* _Data to examine_:

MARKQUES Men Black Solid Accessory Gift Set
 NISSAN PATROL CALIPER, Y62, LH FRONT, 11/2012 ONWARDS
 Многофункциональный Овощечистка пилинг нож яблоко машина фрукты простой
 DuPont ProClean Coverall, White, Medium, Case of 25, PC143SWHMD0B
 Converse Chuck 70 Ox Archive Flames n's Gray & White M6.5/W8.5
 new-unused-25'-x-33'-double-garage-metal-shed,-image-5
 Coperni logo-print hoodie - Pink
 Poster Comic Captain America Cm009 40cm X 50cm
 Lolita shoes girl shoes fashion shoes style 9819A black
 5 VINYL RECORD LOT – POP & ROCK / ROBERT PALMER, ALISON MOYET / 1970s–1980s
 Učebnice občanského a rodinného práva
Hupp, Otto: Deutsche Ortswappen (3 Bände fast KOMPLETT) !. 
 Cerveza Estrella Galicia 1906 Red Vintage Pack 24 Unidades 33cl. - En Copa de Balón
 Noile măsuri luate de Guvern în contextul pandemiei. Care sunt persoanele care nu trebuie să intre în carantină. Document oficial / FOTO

* _What you need to do_:
Determine how many lines of the data contain "White" and give nothing but that number.

* _The answer_:
2